The timing is also notable. Sodium-ion’s commercial case has historically depended on lithium prices staying high enough to offset its lower energy density. Lithium iron phosphate storage cell prices have softened over the past several years, narrowing the spread, but sodium-ion’s other advantages — wider operating temperature range, longer cycle life, and the cobalt- and nickel-free supply chain — remain structurally attractive for grid-scale duty cycles measured in decades rather than years.
What We Don’t Know
Neither company has disclosed the contract value, the specific projects in which the 60 GWh will be deployed, or the geographic split between domestic Chinese installations and HyperStrong’s growing international portfolio. The reporting does not specify a price per kilowatt-hour, so the precise economic case versus current LFP cells cannot be established from public disclosures.
It is also unclear how quickly CATL can ramp deliveries against this commitment. A 60 GWh, three-year run rate of 20 GWh per year is large by sodium-ion standards but small relative to CATL’s overall capacity. The company has not publicly detailed which factories will produce the cells or whether new dedicated lines are required.

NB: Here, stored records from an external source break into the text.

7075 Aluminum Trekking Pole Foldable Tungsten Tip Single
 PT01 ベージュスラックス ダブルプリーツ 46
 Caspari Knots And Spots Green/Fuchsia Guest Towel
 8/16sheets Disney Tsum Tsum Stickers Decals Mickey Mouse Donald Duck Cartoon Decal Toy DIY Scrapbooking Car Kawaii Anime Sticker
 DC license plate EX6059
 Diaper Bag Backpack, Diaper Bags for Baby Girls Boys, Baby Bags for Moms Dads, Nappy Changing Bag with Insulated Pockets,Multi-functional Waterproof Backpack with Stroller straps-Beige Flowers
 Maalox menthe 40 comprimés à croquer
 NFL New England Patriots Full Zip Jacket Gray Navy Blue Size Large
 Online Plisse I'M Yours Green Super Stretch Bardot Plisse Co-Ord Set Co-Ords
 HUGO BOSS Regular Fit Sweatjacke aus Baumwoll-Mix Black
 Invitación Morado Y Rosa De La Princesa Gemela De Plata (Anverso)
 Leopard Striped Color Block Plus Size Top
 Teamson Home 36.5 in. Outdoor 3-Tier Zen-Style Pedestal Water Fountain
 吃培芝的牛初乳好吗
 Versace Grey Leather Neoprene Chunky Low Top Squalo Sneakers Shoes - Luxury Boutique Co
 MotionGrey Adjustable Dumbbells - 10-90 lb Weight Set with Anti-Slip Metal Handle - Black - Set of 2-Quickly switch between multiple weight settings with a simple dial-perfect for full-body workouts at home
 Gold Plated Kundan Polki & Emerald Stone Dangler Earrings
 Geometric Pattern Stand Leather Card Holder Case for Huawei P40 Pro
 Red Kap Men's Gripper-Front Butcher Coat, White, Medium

Finally, the reporting does not address whether HyperStrong’s customers — typically utilities, independent power producers, and corporate offtakers — have signed firm purchase orders for sodium-ion-based systems, or whether HyperStrong is taking inventory risk on the new chemistry in anticipation of demand.
Outlook
For an industry that has spent the better part of a decade waiting for sodium-ion to clear the gap between laboratory promise and commercial reality, the CATL-HyperStrong agreement is a more concrete signal than any individual product launch. Whether sodium-ion ends up complementing lithium iron phosphate in long-duration storage or directly displacing it will depend on how the next 60 GWh actually performs in the field — and on whether competing manufacturers can match CATL’s manufacturing claims at similar scale.